Sent in by a Jot regular - this moving account. In the rare book trade he was renowned for having returned an expensive book he had bought from another bookseller, saying 'I did not find it as saleable as I had hoped.' Only someone as eminent as the ex-editor of The Times could get away with such an excuse. The shot below is of him with Mick Jagger at a TV discussion in 1967 after William Rees Mogg's 'Who breaks a butterfly upon a wheel' editorial condemning a jail term handed to Mick for dope offences. At the time he was 10 years older than the great Stone.
This was after he’d left the editorial chair of The Times and was running the very posh Pickering and Chatto antiquarian bookshop in Pall Mall. Before I arranged to interview him I had mugged up on his tastes by reading the guide to book collecting that he’d published a few years earlier. I must admit that I was a little intimidated by his reputation—not just as a high Tory patrician figure from the higher reaches of journalism—but also as someone whose refined tastes in Augustan literature were likely to show up my own thin knowledge of this area.
I needn’t have worried. He turned out to be charming, friendly, and not at all pompous. Knowing that I might be caught out if the conversation turned into a debate on the respective merits of Pope or Burke, I made most of my questions revolve around his youthful exploits as a collector of eighteenth century literature in wartime and post-war London. In this regard he turned out to be immensely informative. I learned, for example that during the forties an increasing supply allied to a decreasing demand for antiquarian books meant that dealers were able to acquire choice copies of excellent titles for small sums and pass on these books for a reasonable profit to modest collectors like himself. Back then, it was possible to assemble an interesting library and not pay more than ten shillings for any book. He had bought the 68 volume first edition of Johnson’s Lives of the Poets for £7 15 shillings. Other collectors with bigger pockets, like Geoffrey Keynes, were also able to create formidable libraries in this period.

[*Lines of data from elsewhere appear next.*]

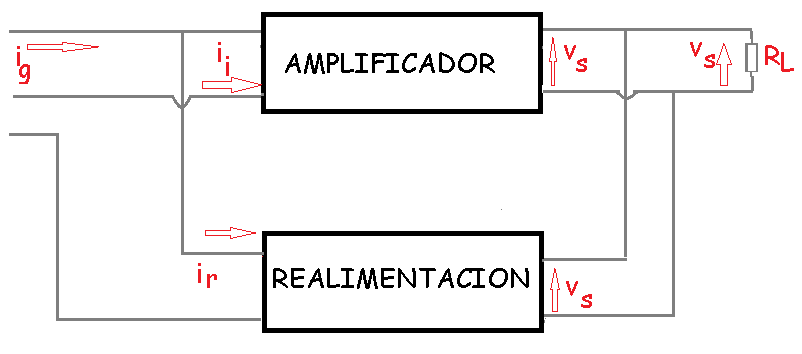 diagrama de realimentación paralelo - paralelo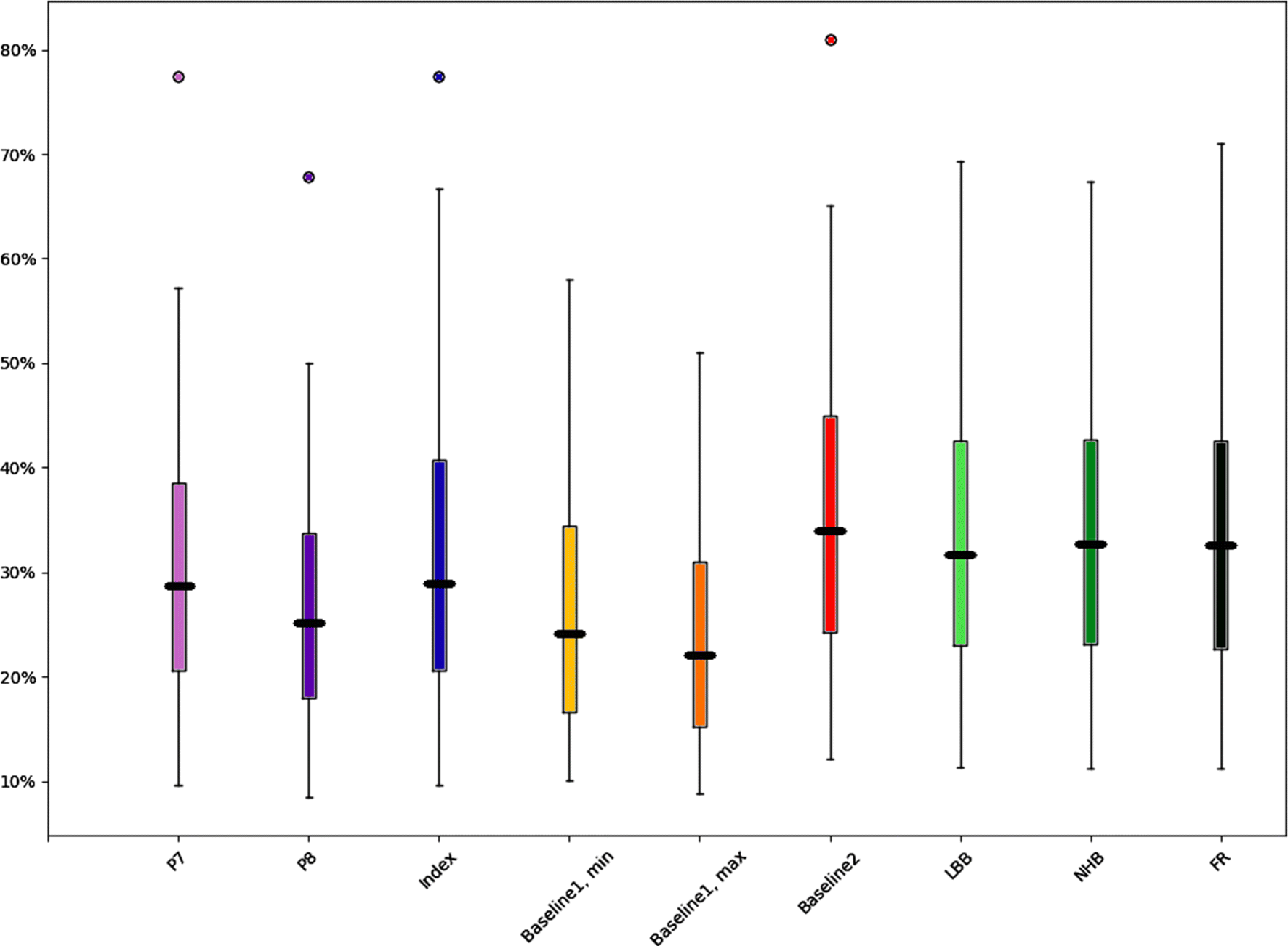 Figure 3 | Relative blood loss in forensic medicine—do we need a change in doctrine? | SpringerLink Figure 3 | Relative blood loss in forensic medicine—do we need a change in doctrine? | SpringerLink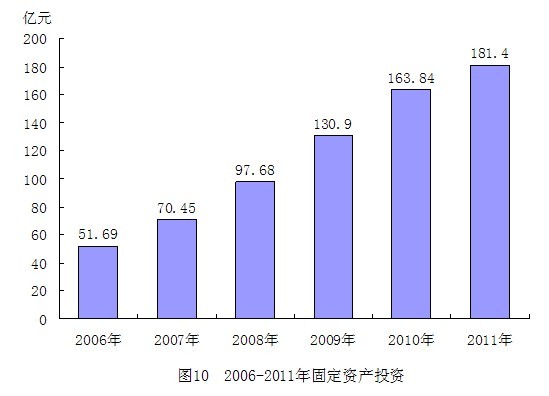 统计10.jpg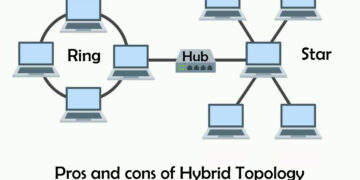 Pros and cons of hybrid topology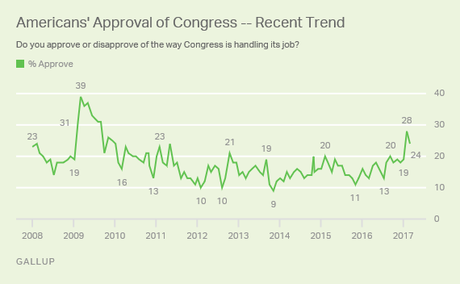 Job Approval For Congress Remains Very Low
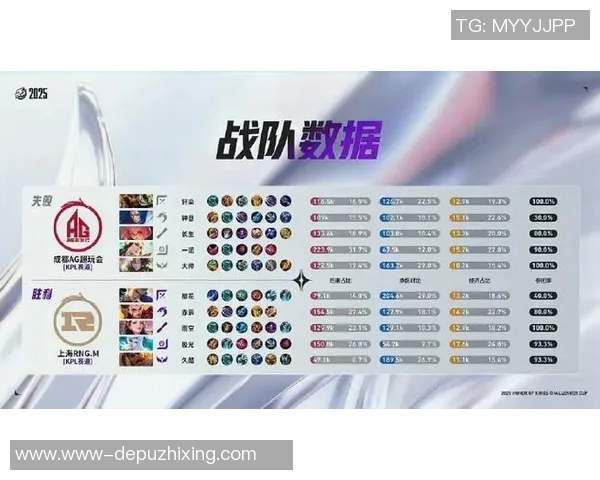 实时新闻王者荣耀灵活性排行榜揭晓RNG战队表现抢眼位居第一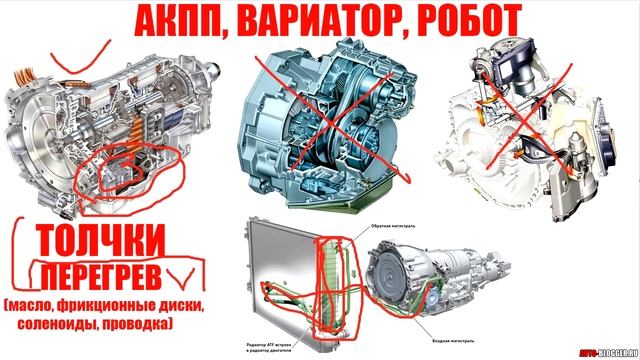 МЕРЗКИЕ НЕИСПРАВНОСТИ АВТОМОБИЛЯ. Моя подборка! смотреть онлайн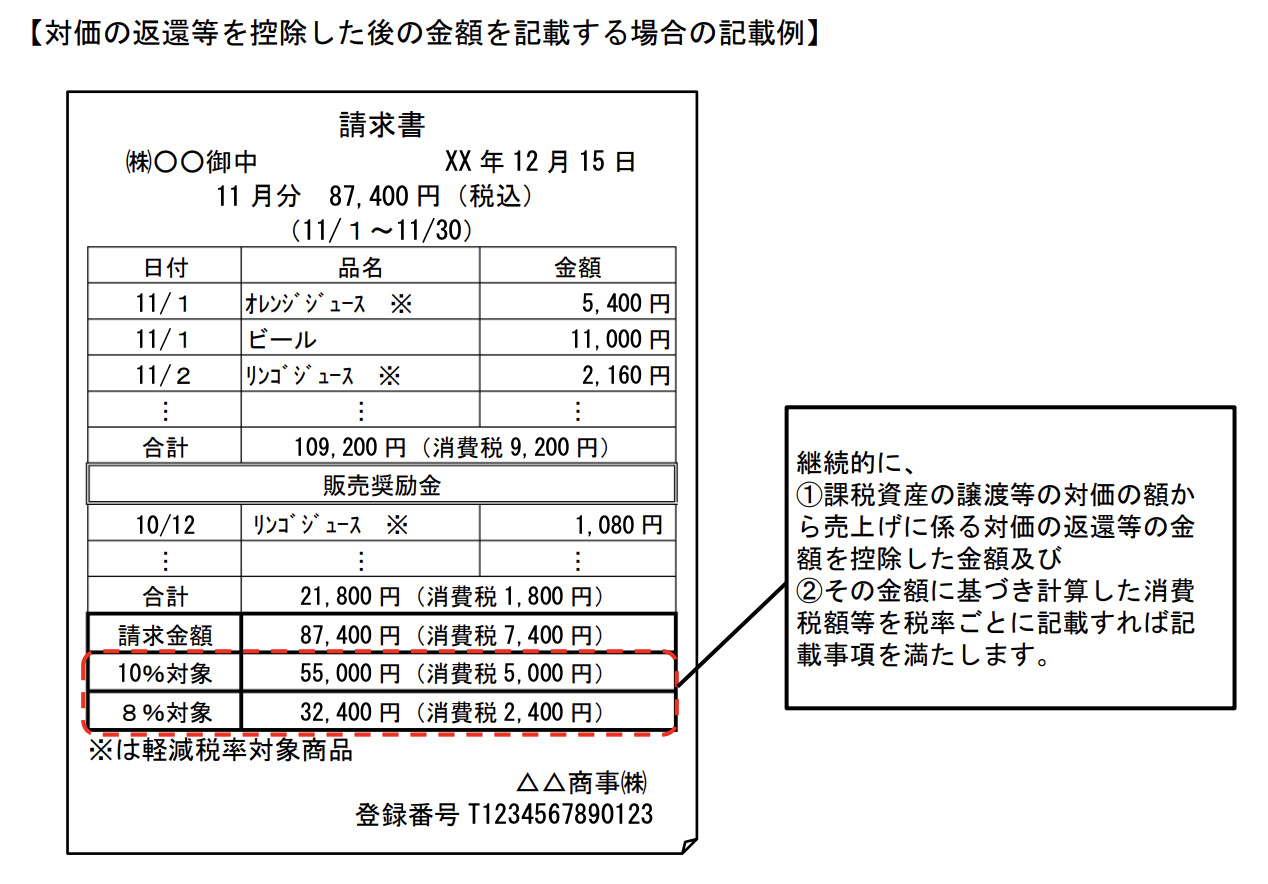 耐火の返還等を控除した後の金額を記載する場合の記載例を示す図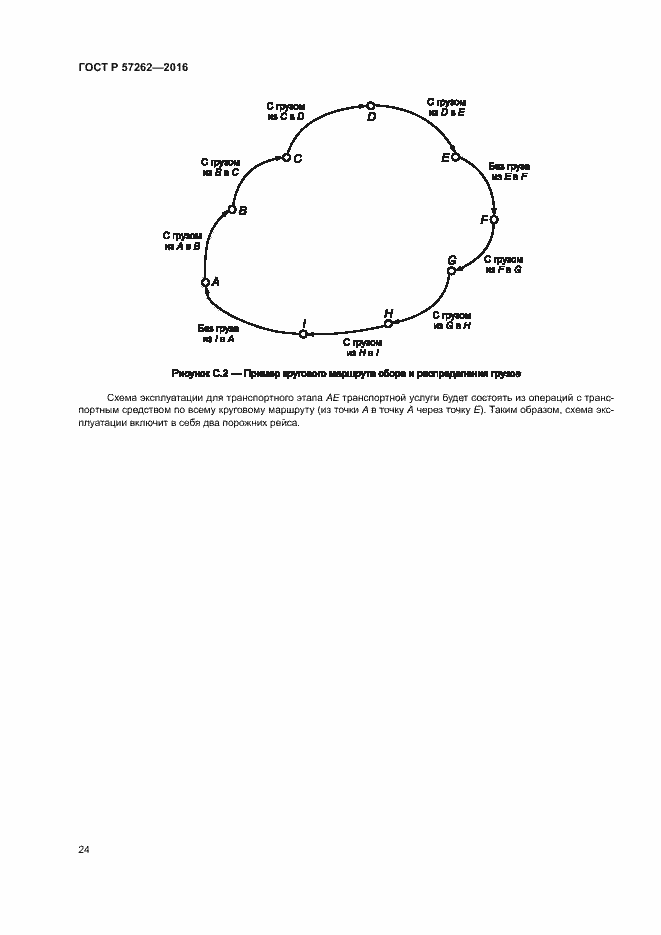 Страница 28 ГОСТ Р 57262-2016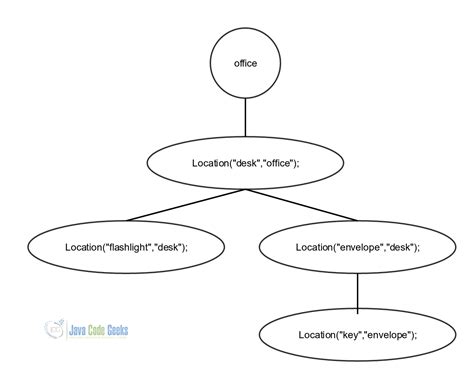 Drools Backward Chaining Example - Examples Java Code Geeks - 2022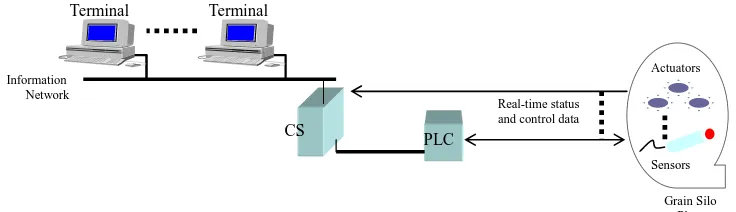 Figure 1. Proposed grain silo automated control system. 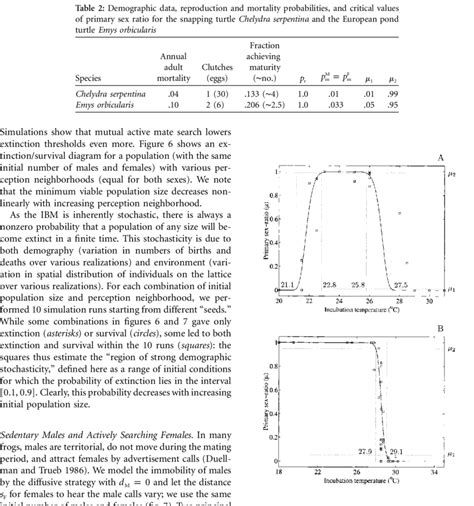 Dependence Of Primary Sex Ratio On The Egg Incubation Download Scientific Diagram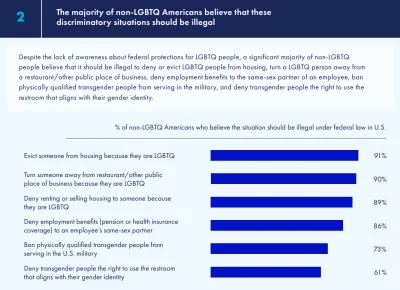 R187 - @wojna_idei: A tutaj statystyki ile osób, które same nie są LGBT uważa, że pon...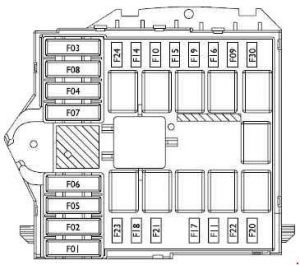 Fiat Ducato (2002-2006) - Sicherungskasten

Rees Mogg also revealed that on a long plane journey he was more likely to take a copy of Ivanhoe than Pope and that he’d sold most of his Pope collection to the New York Public Library. Most fascinating of all, however, was his anecdote concerning the acquisition of a rummer engraved 'Blake in anguish, Felpham 1804'. He’d seen it in a Christies catalogue, decided to view it, and eventually bought it for £55. He later sold it to the famous Corning Glass collection in New York, where it is now recognised as the only glass ever engraved by William Blake.